ENTRIES SHOWN:
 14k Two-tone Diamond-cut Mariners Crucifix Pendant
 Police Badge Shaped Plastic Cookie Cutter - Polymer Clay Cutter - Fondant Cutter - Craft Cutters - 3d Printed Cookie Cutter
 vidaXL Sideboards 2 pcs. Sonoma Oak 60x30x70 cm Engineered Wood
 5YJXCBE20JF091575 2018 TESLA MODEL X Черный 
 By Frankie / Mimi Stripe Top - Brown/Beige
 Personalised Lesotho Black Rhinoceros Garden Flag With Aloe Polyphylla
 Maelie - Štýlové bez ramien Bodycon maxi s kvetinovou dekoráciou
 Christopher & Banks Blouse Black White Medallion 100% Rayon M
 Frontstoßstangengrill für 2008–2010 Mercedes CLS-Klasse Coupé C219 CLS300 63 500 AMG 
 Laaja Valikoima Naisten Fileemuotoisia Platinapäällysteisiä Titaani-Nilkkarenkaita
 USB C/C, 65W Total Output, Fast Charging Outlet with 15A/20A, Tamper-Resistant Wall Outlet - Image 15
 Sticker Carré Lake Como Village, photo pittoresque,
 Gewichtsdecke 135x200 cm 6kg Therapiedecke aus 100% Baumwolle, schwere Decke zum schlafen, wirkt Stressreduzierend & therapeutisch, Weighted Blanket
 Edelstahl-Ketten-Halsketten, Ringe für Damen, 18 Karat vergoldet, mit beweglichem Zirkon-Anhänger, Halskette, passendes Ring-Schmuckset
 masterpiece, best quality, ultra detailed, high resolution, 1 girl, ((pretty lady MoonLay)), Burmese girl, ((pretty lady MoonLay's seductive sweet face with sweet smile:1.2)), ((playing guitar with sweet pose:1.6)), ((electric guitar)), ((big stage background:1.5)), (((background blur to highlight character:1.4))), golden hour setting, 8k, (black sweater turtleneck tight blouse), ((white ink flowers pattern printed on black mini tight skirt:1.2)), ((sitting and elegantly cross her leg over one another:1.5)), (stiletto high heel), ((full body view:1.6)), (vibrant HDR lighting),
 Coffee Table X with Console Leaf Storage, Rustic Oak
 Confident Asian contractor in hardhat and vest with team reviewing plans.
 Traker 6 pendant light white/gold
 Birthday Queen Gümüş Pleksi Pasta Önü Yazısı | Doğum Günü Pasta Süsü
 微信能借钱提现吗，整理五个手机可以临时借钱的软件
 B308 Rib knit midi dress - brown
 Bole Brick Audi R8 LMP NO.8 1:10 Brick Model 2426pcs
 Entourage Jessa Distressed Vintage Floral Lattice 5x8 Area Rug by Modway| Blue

EXERCISE INSTRUCTIONS:
From the first line of the listing above through the line that contains "Edelstahl-Ketten-Halsketten, Ringe für", set down each line without alteration, and nothing else.

EXERCISE ANSWER:
 14k Two-tone Diamond-cut Mariners Crucifix Pendant
 Police Badge Shaped Plastic Cookie Cutter - Polymer Clay Cutter - Fondant Cutter - Craft Cutters - 3d Printed Cookie Cutter
 vidaXL Sideboards 2 pcs. Sonoma Oak 60x30x70 cm Engineered Wood
 5YJXCBE20JF091575 2018 TESLA MODEL X Черный 
 By Frankie / Mimi Stripe Top - Brown/Beige
 Personalised Lesotho Black Rhinoceros Garden Flag With Aloe Polyphylla
 Maelie - Štýlové bez ramien Bodycon maxi s kvetinovou dekoráciou
 Christopher & Banks Blouse Black White Medallion 100% Rayon M
 Frontstoßstangengrill für 2008–2010 Mercedes CLS-Klasse Coupé C219 CLS300 63 500 AMG 
 Laaja Valikoima Naisten Fileemuotoisia Platinapäällysteisiä Titaani-Nilkkarenkaita
 USB C/C, 65W Total Output, Fast Charging Outlet with 15A/20A, Tamper-Resistant Wall Outlet - Image 15
 Sticker Carré Lake Como Village, photo pittoresque,
 Gewichtsdecke 135x200 cm 6kg Therapiedecke aus 100% Baumwolle, schwere Decke zum schlafen, wirkt Stressreduzierend & therapeutisch, Weighted Blanket
 Edelstahl-Ketten-Halsketten, Ringe für Damen, 18 Karat vergoldet, mit beweglichem Zirkon-Anhänger, Halskette, passendes Ring-Schmuckset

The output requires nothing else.